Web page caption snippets

┌────────

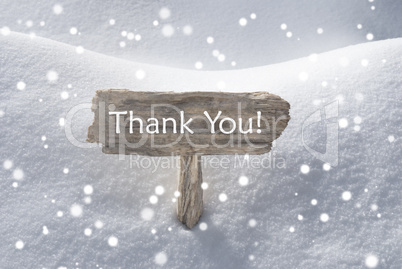 Christmas Sign Snow And Snowflakes Thank You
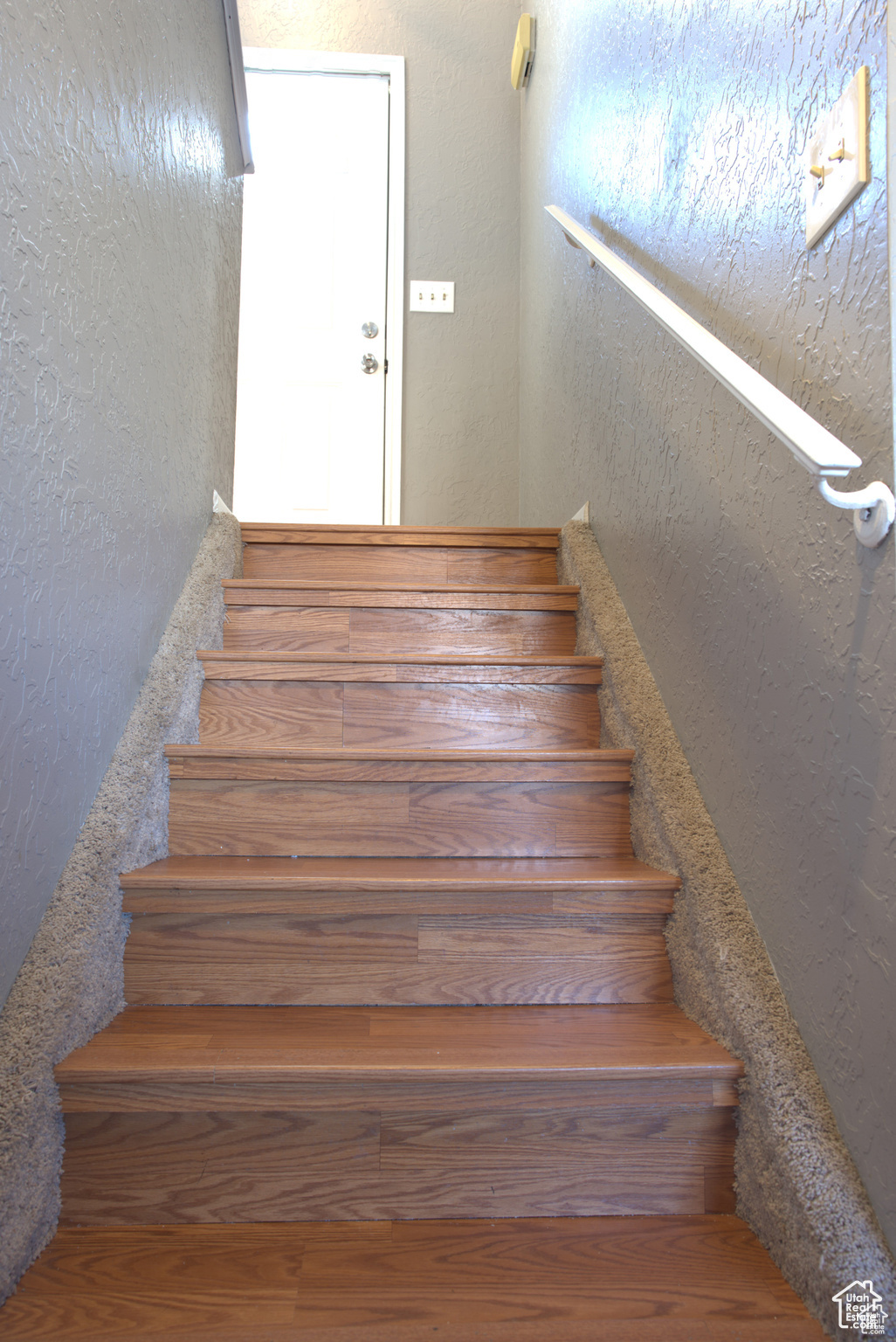 Stairway with a textured wall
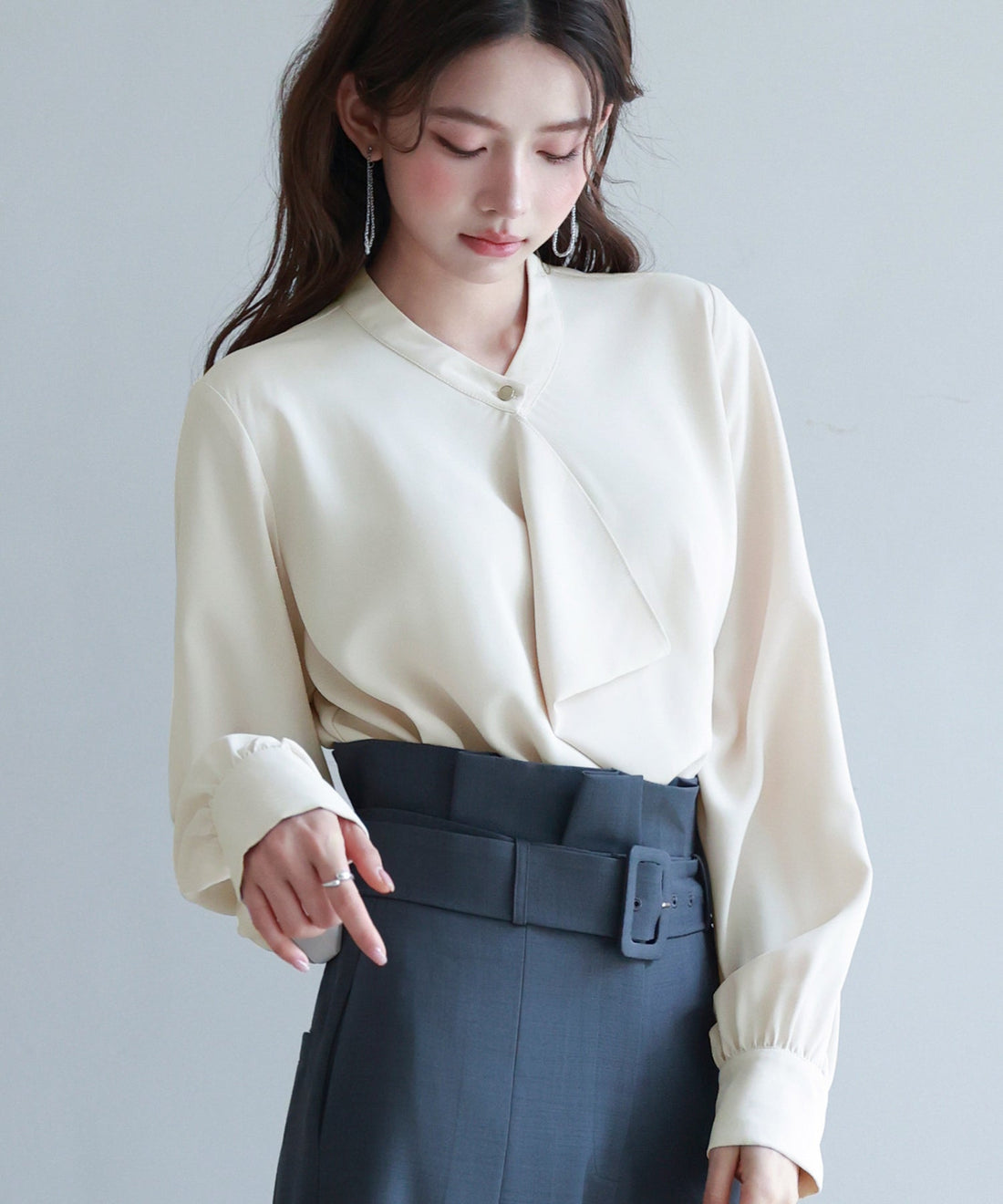 Fluid Ruffle Blouse with Gold Buttons OEM ODM reference 12 - additional view 12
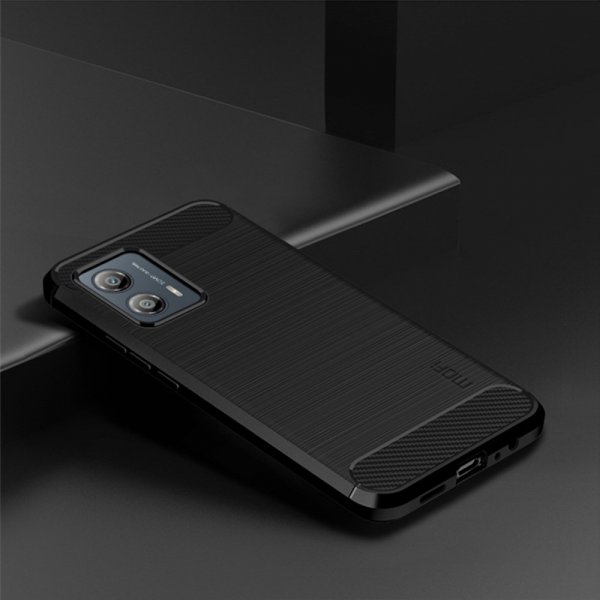 Mofi Motorola Moto G53 5G Skal Borstad Kolfibertextur Svart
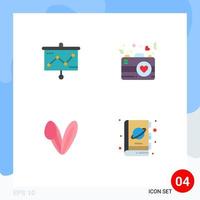 Pack of 4 Modern Flat Icons Signs and Symbols for Web Print Media such as chart bunny projector love rabbit Editable Vector Design Elements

└────────

_Work task_
Without copying any picture, write out the entries exactly.

_Response below_
 Christmas Sign Snow And Snowflakes Thank You
 Stairway with a textured wall
 Fluid Ruffle Blouse with Gold Buttons OEM ODM reference 12 - additional view 12
 Mofi Motorola Moto G53 5G Skal Borstad Kolfibertextur Svart
 Pack of 4 Modern Flat Icons Signs and Symbols for Web Print Media such as chart bunny projector love rabbit Editable Vector Design Elements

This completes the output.